In order to understand what happens when modes interact, a LTSpice simulation was performed on the extended Mason equivlent circuit model of a PT, as shown below.

Mason equivlent circuit model of a PT, with 2 branches, 1 radial and 1 spurious

Varietion of efficiency with frequency for a PT with a radius of 9mm and thickness of 3mm
From the figure above, we can see that for this device due to the very low radial mode damping resistance almost 100% efficiency is achieved at the radial resonant frequency. As the spurious mode has a much greater equivalent damping resistance an efficiency of only around 50% is achieved.
The most interesting feature of the results is the point in which the efficiency approaches 0%. It is important to consider why this occurs and the factors affecting the specific frequnecy and the spread of frequency affected in order to ensure high efficiency at the raidal mode.

#### Determining frequency of this condition

Firstly, a time domain simulation of the equivalent circuit at this frequnecy is performed to analyse what happens.
At this frequency the magnitude and phase of both the radial and spurious RLC branches are approximatley equal. Due to the phase shift in the spurious equivalent transformer, then the current is equal in magnitude and opposite in phase in each branch, thus current circulates though the branches and no current reaches the output capacitor or load.

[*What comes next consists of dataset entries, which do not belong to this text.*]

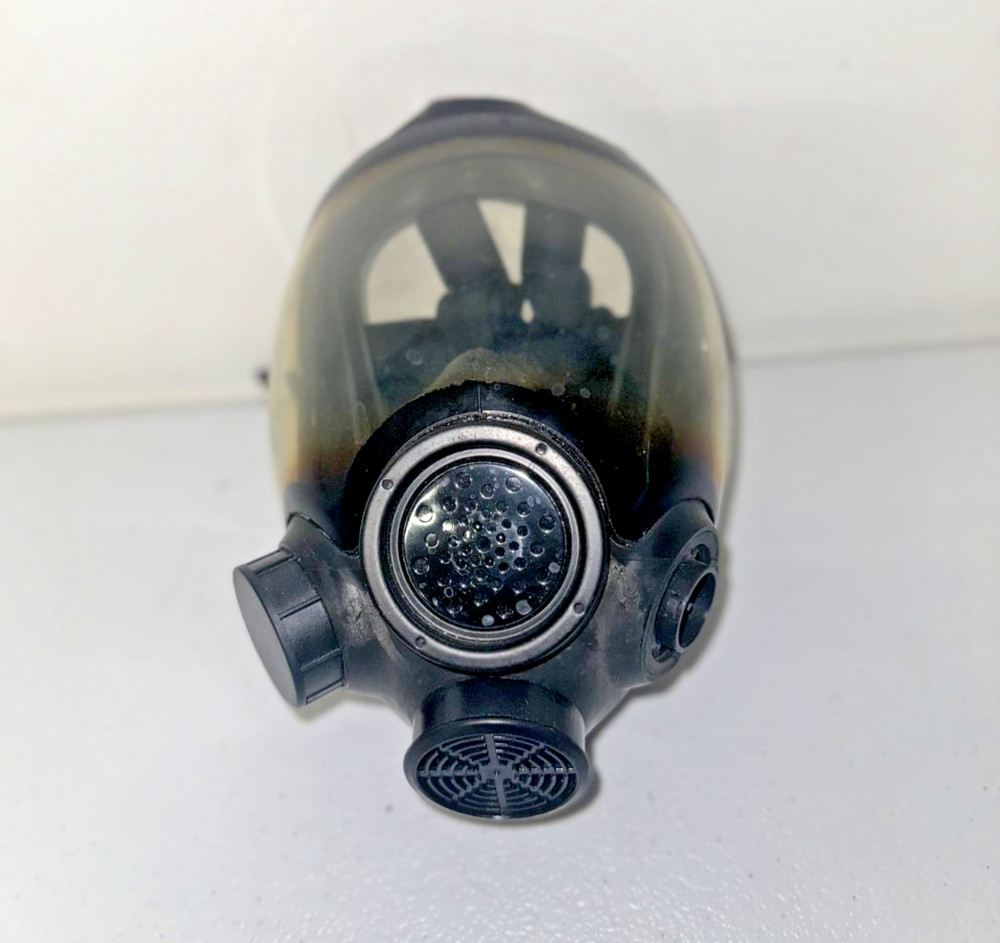 MSA ADVANTAGE 1000 GAS MASK - SIZE MEDIUM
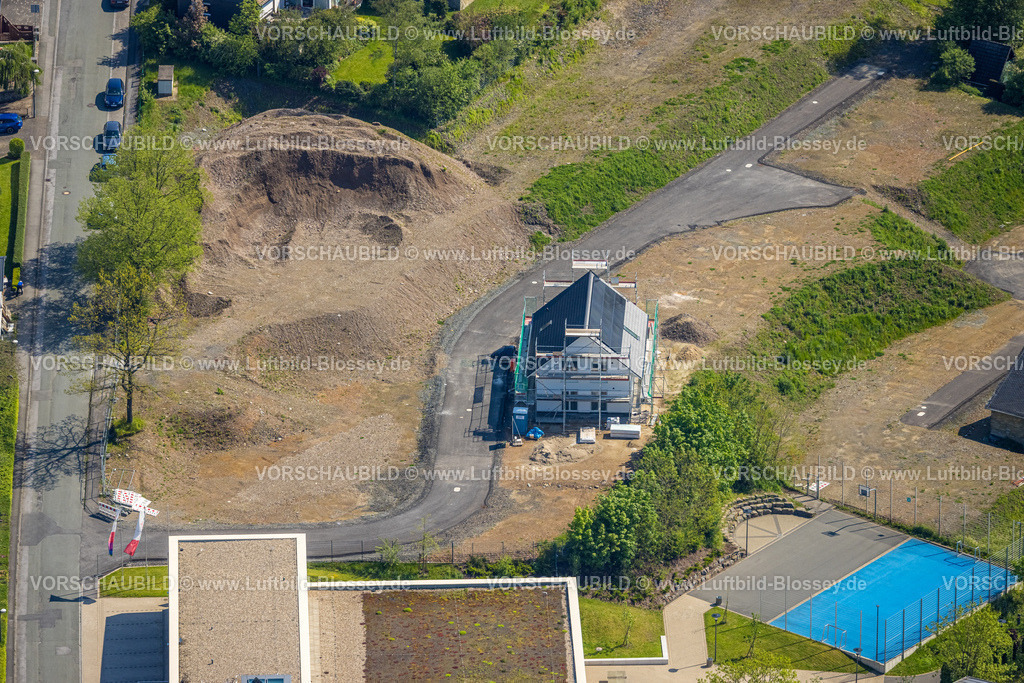 Meschede230500697 | Luftbild, Baustelle An Klocken Kapelle und St. Walburga-Realschule, Meschede-Stadt, Meschede, Sauerland, Nordrhein-Westfalen, Deutschland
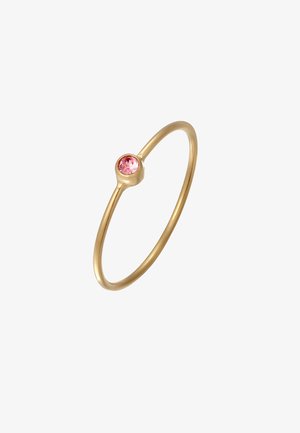 Guldring med en tynd ring og en central pink ædelsten. Designet har glatte kurver og en poleret metaloverflade.
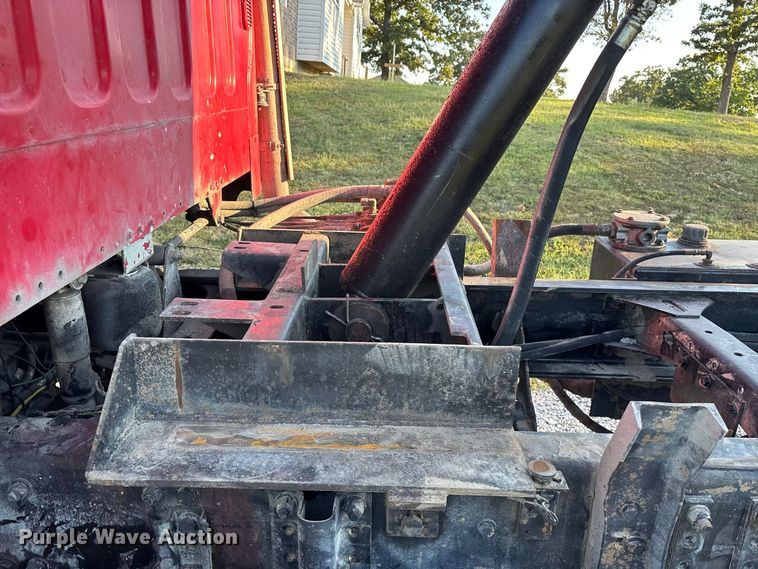 image for item FG0623 2009 Freightliner dump truck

By summing currents at the output node and assuming the condition $I_{RLC_1} = -I_{RLC_2}$, an equation can be found for the frequency that this condition is true at interms of equivalent components.

$$\omega = \frac{1}{2}\cdot\,{\frac {\textrm j{\it C_1}\, \left( {\it R_1}-{\it R_2} \right) {\it C_2}+ \sqrt {-{\it C_1}\, \left( \left( \left( {\it R_1}-{\it R_2} \right) ^{ 2}{\it C_2}+4\,{\it L_1}-4\,{\it L_2} \right) {\it C_1}-4\,{\it C_2}\, \left( {\it L_1}-{\it L_2} \right) \right) {\it C_2}}}{{\it C_1}\,{\it C_2}\, \left( {\it L_1}-{\it L_2} \right) }}$$

$$\omega \approx \pm \sqrt{\frac{(C_2 - C_1)}{C_1C_2(L_1-L_2)}}$$ From the equation above, its apparant that this frequency is controlled by L and C in both branches. In order to fully understand

## Results

Initally, a simulation was performed to analyse the effect of the values of L/C in both braches. After inital testing it was belived that the ratio of the Q factor's affected the distance that the spurious mode must be from the radial mode in order to have no effect on efficiency. Due to the equation found ealier, it was then understood that it was due to the ratio of the values of L/C in both branches.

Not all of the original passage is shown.